Guy Wagner, Managing Director of BLI - Banque de Luxembourg Investments, points out that in the context of the US-China trade war, businesses are cautious about investing, and this has been more detrimental to Europe and the eurozone than the United States.
In 2019, the global economy grew at its slowest pace for ten years. Should we fear an eventual downturn and recession?
For now, fears of a recession are exaggerated. But over the last ten years, growth has become structurally weaker. So, whenever there is a slowdown, fears of recession follow all the more quickly. But again, these are exaggerated.
What are the main reasons for this slower pace of growth?
As regards purely structural aspects, the causes are linked to traditional factors that come under the definition of growth: demographic trends, questions of productivity, etc. Today, these all constitute real brakes on growth. On top of this, we have the problem of massive excessive debt, with numerous empirical studies showing the very close correlation between excessive debt and weak growth.

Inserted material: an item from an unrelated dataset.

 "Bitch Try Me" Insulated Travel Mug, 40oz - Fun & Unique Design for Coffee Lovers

Meanwhile, the stark context of trade tensions between the US and China looms large over the climate of confidence and depresses investments. Within this structural framework of weaker growth, deceleration tends to escalate.
The impact of the Fed’s decisions on global growth is relatively limitedGuy Wagner, Managing Director, BLI – Banque de Luxembourg Investments
What reactions can be expected following the Federal Reserve's recent decision to pause its interest rate hikes after three successive announcements of interest rate cuts?

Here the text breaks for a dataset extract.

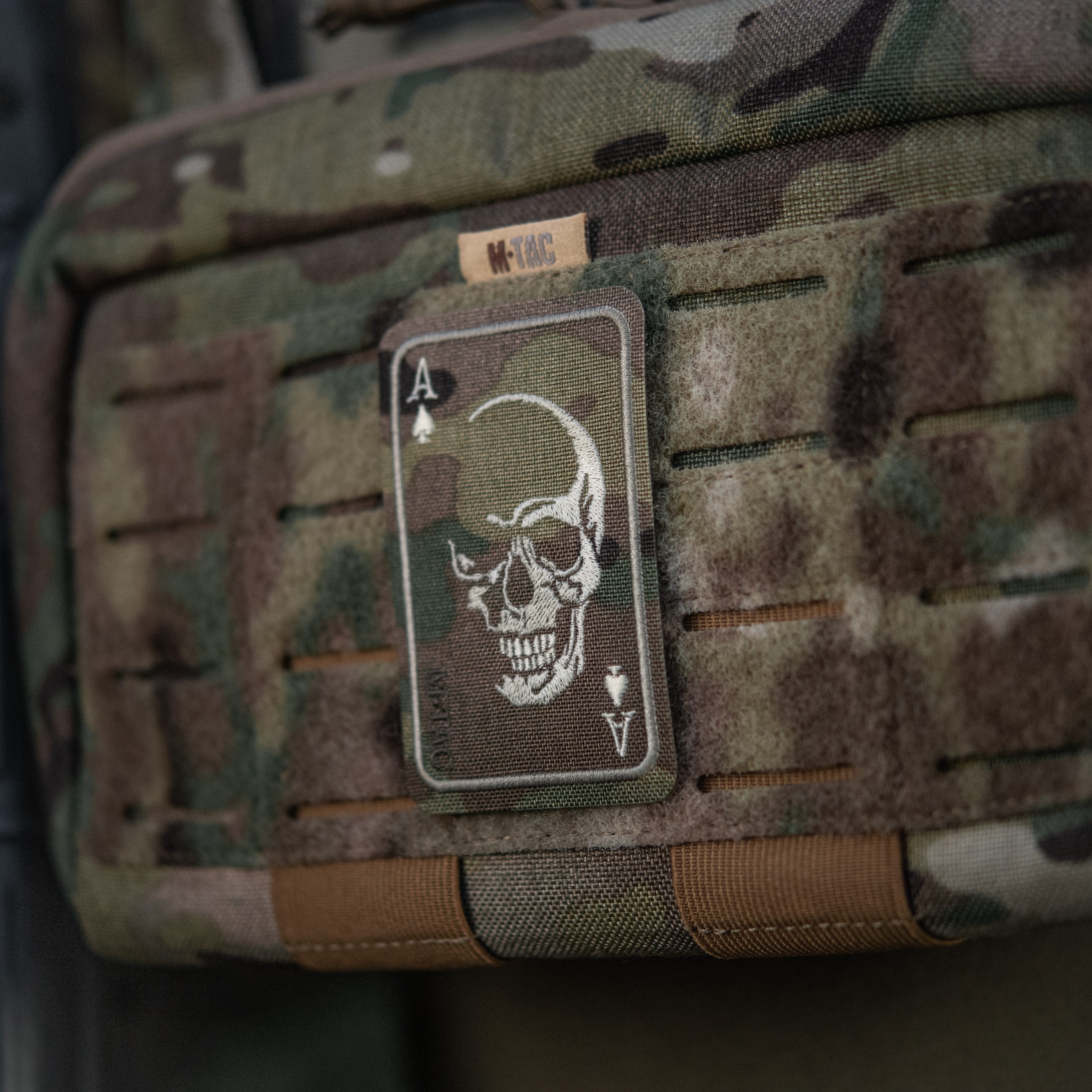 M-Tac нашивка Face of war (вишивка) Multicam — 5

The Fed’s U-turn provided an immediate boost to the financial markets but, at a macroeconomic level, the impact on growth has been relatively limited.
Will the trade war that has been simmering for a long time between China and the United States weaken the US economy?

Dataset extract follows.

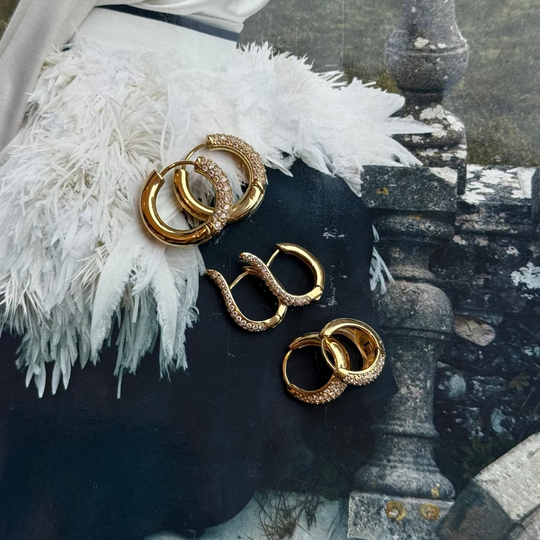 CLUSE Élevé Zirconia Small Hoop Earrings, Gold Colour CE13352 - Earrings details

So far, the impact of these tensions on the American economy has been limited as US growth remains robust. Its main engine is private consumption, in contrast to the eurozone which is much more exposed to the fluctuations in global trade that are directly impacted by the current trade spat.
Nobody takes the US budgetary deficit seriouslyGuy Wagner, Managing Director, BLI – Banque de Luxembourg Investments
At the same time, the United States is facing an unprecedented budgetary deficit which inevitably restricts the authorities’ options for stimulating economic activity. Have we reached an impasse?
It’s not necessarily an impasse but it is worrying. The problem is that, nowadays, nobody takes it seriously. Here and there, including in Europe, voices are raised about interest rates, and hence the cost of government financing, being so low that this issue of budget deficits gets somewhat overlooked.
What is surprising is that this record deficit comes at a time when the US economy is doing relatively well. It is in the middle of its longest-ever growth cycle, which ought to generate a budget surplus. Generally, budget deficits tend to be seen at times of recession. Yet, here we are, after more than 10 years of growth, with a historically low unemployment rate, and, in spite of everything, a record budgetary deficit.
Is the eurozone robust enough to cope with a deteriorating international economic climate?
Today's economies are increasingly dependent on services rather than industry. Fortunately, services are relatively stable: in the past, when economies were more dependent on industry (by definition more cyclical), growth proved more volatile. Today, growth may be more moderate but it is relatively stable.
Clearly, the US-China trade war is having a greater impact on Europe and the eurozone by affecting business confidence (companies reluctant to invest) and hence global trade. But, as I said, the European economy is more open than America's, which is why it is more impacted.
Where the eurozone is concerned, we should not underestimate the risk of recession: it is a region with lower growth potential and is more impacted by what is happening around it.